Shankara commente ce modèle en ces termes : « L’âme individuelle, bien qu’elle ne soit intrinsèquement autre que Brahman, s’identifie toujours et s’attache aux enveloppes faites de nourriture, etc., qui sont externes, limitées et composées des éléments subtils. » Et il fait référence à l’histoire du dixième homme décrite plus tôt. De la même façon, « l’âme individuelle, sous l’emprise de l’ignorance caractérisée par la non-perception de sa véritable nature, Brahman, accepte les non-Soi extérieurs, tels le corps composé de nourriture, comme étant le Soi et en conséquence commence à penser : « Je ne suis rien d’autre que ces non-Soi composés de nourriture, etc. »
En pratique, bien sûr, nous ne nous identifions pas consciemment avec l’enveloppe elle-même, mais avec un ou plusieurs de ses attributs. Ainsi, nous prétendons par exemple que nous sommes stupides, en nous identifiant effectivement à l’esprit ou à l’intellect. Le Soi n’est jamais vraiment associé à ces attributs ou aux enveloppes elles-mêmes, parce que seul le Soi est réel – le reste est mithya. L’incapacité à comprendre cela conduit certains enseignants à déclarer que nous devons « nous débarrasser de l’esprit » ou « détruire l’ego » afin d’atteindre la réalisation. C’est comme si l’on disait que nous devons tuer le serpent afin de découvrir la corde.
En définitive, ce modèle est aussi un exemple de la méthode de co-présence et de co-absence (anvaya-vyatireka). Le corps physique est absent à l’état de rêve, bien que « Je » sois présent dans les deux états. Par conséquent, je ne suis pas le corps. Le corps subtil est, pareillement, absent dans le sommeil profond, bien que « Je » demeure. Je ne peux donc pas être non plus l’enveloppe vitale, mentale ou intellectuelle. Finalement, l’ignorance (qui correspond à l’enveloppe de béatitude) disparaît dans l’état de samadhi (un état méditatif exceptionnel que la philosophie du Yoga considère comme le but ultime), et je ne peux donc pas être cette enveloppe non plus.

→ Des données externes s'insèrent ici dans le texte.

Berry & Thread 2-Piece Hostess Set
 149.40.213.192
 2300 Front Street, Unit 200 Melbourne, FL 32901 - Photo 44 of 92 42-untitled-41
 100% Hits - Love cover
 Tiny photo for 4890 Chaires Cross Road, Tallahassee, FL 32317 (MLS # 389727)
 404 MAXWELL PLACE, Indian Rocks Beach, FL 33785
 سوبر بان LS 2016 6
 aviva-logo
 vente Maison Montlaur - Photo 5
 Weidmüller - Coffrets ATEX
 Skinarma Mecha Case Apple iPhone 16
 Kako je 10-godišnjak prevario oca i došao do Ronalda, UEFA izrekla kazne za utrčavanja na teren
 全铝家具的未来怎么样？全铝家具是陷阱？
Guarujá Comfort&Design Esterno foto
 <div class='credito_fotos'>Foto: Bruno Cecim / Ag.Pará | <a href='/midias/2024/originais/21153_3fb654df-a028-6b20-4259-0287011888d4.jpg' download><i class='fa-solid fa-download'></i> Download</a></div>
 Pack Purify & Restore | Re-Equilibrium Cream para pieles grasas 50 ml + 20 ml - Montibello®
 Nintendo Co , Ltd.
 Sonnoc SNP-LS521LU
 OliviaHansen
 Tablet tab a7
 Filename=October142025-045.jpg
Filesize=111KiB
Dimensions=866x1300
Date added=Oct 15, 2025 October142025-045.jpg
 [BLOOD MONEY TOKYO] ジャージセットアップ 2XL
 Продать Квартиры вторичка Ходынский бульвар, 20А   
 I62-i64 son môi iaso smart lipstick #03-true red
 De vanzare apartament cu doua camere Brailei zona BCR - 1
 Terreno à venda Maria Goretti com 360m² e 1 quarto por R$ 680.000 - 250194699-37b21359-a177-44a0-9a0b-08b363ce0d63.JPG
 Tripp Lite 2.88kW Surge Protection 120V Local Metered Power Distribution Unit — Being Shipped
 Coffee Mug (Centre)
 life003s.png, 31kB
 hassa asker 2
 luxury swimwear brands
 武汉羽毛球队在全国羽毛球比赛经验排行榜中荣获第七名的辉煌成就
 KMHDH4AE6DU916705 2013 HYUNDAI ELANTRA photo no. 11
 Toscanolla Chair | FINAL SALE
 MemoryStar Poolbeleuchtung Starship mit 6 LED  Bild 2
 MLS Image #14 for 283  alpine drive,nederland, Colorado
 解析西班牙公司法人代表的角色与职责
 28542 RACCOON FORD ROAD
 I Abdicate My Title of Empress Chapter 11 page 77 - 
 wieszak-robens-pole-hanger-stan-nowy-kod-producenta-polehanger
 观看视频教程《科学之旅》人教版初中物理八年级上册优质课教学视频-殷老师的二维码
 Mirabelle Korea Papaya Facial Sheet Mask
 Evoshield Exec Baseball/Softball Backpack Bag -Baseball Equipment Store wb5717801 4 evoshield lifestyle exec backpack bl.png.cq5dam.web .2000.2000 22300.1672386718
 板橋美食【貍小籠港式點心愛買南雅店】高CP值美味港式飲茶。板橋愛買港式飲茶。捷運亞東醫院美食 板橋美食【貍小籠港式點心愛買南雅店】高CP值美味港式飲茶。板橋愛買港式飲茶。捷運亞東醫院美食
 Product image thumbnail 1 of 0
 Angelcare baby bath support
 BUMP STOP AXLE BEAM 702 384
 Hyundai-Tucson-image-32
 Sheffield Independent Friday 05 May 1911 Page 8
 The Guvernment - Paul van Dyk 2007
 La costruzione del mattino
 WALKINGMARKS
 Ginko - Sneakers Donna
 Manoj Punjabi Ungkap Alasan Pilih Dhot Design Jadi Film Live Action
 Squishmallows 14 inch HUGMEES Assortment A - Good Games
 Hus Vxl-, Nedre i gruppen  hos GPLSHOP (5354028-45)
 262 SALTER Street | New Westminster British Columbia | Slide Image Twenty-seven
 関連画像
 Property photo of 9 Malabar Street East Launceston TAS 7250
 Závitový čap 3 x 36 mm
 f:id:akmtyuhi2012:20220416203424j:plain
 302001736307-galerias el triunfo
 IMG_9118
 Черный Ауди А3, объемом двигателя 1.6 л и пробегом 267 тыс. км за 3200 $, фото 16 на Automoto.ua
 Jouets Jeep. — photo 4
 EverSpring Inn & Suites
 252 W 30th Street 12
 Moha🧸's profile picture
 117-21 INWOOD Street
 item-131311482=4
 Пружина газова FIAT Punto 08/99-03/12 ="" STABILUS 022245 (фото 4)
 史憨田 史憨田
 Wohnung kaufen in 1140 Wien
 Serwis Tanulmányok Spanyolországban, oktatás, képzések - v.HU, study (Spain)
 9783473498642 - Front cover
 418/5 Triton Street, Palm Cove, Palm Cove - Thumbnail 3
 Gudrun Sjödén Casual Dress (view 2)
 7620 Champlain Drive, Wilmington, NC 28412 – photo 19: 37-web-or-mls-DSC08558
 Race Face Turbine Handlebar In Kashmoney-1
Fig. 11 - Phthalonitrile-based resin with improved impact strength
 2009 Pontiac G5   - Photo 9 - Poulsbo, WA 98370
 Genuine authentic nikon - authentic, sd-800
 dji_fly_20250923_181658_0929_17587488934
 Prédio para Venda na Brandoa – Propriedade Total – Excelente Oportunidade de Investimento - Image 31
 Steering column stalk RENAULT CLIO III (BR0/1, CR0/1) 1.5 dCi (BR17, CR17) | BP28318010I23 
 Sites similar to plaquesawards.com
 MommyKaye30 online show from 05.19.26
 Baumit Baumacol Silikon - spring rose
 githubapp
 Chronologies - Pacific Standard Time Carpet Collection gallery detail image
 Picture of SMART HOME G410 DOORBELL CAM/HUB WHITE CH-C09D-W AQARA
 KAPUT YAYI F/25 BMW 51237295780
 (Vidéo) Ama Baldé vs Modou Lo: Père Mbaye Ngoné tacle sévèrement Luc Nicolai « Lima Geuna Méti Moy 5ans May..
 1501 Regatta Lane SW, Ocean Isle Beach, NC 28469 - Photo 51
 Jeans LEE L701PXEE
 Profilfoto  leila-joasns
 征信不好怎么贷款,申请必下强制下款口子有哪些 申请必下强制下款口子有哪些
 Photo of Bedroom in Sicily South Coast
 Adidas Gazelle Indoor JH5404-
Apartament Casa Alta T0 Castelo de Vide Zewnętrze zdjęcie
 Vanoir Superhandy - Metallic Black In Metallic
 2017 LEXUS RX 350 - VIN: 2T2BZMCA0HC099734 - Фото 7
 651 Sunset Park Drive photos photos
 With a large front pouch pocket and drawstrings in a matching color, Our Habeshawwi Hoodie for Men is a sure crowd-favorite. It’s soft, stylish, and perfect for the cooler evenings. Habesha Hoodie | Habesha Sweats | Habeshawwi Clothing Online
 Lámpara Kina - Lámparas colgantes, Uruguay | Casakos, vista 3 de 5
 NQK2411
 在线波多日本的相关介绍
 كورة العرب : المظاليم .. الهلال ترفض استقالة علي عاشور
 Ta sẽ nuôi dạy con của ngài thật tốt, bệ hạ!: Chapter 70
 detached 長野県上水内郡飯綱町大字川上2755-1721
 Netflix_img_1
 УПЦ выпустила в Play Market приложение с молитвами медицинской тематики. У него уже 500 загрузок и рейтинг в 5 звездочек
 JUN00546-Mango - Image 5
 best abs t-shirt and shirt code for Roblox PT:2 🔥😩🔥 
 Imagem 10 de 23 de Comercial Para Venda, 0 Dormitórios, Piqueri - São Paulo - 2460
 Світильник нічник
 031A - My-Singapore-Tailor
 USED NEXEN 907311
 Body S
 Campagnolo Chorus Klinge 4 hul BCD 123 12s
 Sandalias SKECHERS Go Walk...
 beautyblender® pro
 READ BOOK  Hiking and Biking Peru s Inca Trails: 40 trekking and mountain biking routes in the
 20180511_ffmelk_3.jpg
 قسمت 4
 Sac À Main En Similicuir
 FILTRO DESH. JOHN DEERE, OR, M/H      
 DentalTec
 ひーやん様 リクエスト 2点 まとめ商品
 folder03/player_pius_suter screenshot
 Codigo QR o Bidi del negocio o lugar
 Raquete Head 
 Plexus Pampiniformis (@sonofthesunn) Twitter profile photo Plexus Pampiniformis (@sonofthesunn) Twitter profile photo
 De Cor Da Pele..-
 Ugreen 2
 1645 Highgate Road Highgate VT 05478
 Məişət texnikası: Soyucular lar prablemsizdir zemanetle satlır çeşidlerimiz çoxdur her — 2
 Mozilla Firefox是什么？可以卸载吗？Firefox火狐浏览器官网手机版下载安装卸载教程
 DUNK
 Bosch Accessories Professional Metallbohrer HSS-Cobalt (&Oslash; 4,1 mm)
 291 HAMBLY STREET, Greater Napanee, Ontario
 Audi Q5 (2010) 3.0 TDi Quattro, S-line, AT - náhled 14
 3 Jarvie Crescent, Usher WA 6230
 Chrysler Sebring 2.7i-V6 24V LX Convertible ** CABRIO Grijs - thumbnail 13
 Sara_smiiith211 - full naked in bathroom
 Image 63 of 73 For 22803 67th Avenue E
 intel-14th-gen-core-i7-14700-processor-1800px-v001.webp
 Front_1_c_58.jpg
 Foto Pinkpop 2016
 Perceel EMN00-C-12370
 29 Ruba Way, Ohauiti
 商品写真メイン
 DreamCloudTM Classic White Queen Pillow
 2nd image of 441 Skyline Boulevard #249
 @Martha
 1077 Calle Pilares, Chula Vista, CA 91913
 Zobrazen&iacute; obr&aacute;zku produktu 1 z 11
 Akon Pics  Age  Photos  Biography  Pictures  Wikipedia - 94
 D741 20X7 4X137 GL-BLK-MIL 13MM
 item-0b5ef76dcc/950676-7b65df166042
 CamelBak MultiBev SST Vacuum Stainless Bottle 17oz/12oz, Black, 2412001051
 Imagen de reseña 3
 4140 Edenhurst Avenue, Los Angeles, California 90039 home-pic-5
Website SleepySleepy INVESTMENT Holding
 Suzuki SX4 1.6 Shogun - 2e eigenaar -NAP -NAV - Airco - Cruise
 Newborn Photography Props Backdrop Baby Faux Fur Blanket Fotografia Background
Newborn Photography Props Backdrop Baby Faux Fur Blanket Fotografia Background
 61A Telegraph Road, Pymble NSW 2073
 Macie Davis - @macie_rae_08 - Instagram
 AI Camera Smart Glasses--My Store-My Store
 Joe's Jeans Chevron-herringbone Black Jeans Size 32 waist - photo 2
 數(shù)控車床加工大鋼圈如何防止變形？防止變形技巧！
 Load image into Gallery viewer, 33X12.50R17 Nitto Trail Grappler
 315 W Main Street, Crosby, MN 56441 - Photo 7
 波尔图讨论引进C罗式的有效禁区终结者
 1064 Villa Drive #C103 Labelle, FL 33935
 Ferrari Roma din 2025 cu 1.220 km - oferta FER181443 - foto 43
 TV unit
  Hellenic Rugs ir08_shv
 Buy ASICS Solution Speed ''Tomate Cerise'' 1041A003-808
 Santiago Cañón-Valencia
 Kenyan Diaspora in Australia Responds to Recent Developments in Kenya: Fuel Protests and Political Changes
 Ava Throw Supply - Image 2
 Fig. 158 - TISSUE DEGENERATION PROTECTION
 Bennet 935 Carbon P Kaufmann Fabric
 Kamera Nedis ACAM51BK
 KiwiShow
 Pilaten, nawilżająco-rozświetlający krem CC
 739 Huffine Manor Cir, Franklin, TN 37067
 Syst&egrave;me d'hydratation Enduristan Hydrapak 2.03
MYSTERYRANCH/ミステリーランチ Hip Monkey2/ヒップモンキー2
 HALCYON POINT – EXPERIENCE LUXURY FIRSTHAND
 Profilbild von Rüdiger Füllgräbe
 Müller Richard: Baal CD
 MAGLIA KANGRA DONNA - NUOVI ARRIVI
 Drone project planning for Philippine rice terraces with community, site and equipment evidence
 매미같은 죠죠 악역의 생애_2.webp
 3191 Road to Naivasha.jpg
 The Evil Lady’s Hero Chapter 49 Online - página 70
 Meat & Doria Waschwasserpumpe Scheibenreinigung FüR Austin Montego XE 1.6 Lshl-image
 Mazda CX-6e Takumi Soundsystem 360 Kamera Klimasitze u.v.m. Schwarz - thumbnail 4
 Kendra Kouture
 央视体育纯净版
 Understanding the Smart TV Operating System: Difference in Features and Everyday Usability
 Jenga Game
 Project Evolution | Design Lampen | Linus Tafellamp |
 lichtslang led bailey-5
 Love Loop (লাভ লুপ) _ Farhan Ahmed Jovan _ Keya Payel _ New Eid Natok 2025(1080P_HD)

En fait, je suis l’Atman, présent dans tous les trois états, témoin des soi-disant enveloppes. Elles ne sont des couches ou des voiles que dans la mesure où, à cause de l’ignorance, je me considère comme autre que l’Atman. Je dis : « Je suis gros », « je suis vieux », etc., parce que je me prends pour le corps physique. Mais ce sont des attributs du corps, et non le Soi. L’Atman lui-même n’a aucun de ces attributs ; et il en va de même des autres enveloppes.
Le point fondamental que nous devons comprendre, prévient Swami Dayananda (qui est probablement le plus grand enseignant vivant de l’advaita à l’heure où j’écris ces lignes), c’est qu’il n’y a pas de « Soi intérieur » dont il faille faire l’expérience au-delà ou à l’intérieur de toutes ces enveloppes. Nous sommes cet Atman tout le temps, indépendamment de la vue erronée que l’esprit pourrait adopter. Rien n’est jamais vraiment « caché ».